[Requirement] Your copy should start at the line with "White Plush Bunny" and end at the line with "Eagle Brand Medicated" in the data below. Transcribe only those lines, exactly, pictures excluded.

── Recorded information

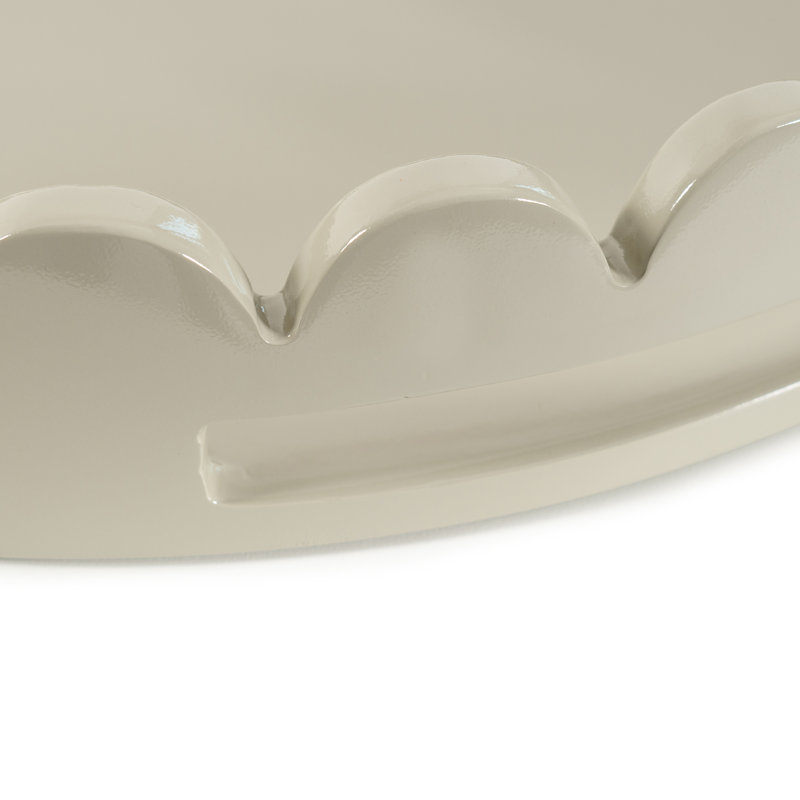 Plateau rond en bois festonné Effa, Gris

────
── Recorded information

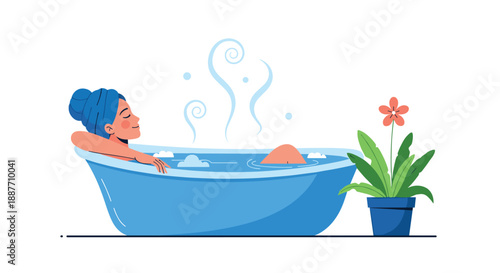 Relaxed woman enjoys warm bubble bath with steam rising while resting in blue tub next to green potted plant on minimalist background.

────
── Recorded information

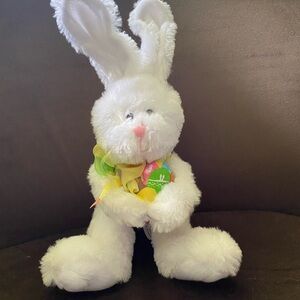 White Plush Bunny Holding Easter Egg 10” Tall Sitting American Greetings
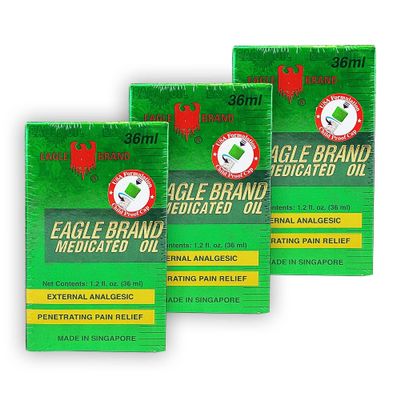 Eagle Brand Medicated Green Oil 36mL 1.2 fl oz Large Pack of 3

────

[Written answer]
 White Plush Bunny Holding Easter Egg 10” Tall Sitting American Greetings
 Eagle Brand Medicated Green Oil 36mL 1.2 fl oz Large Pack of 3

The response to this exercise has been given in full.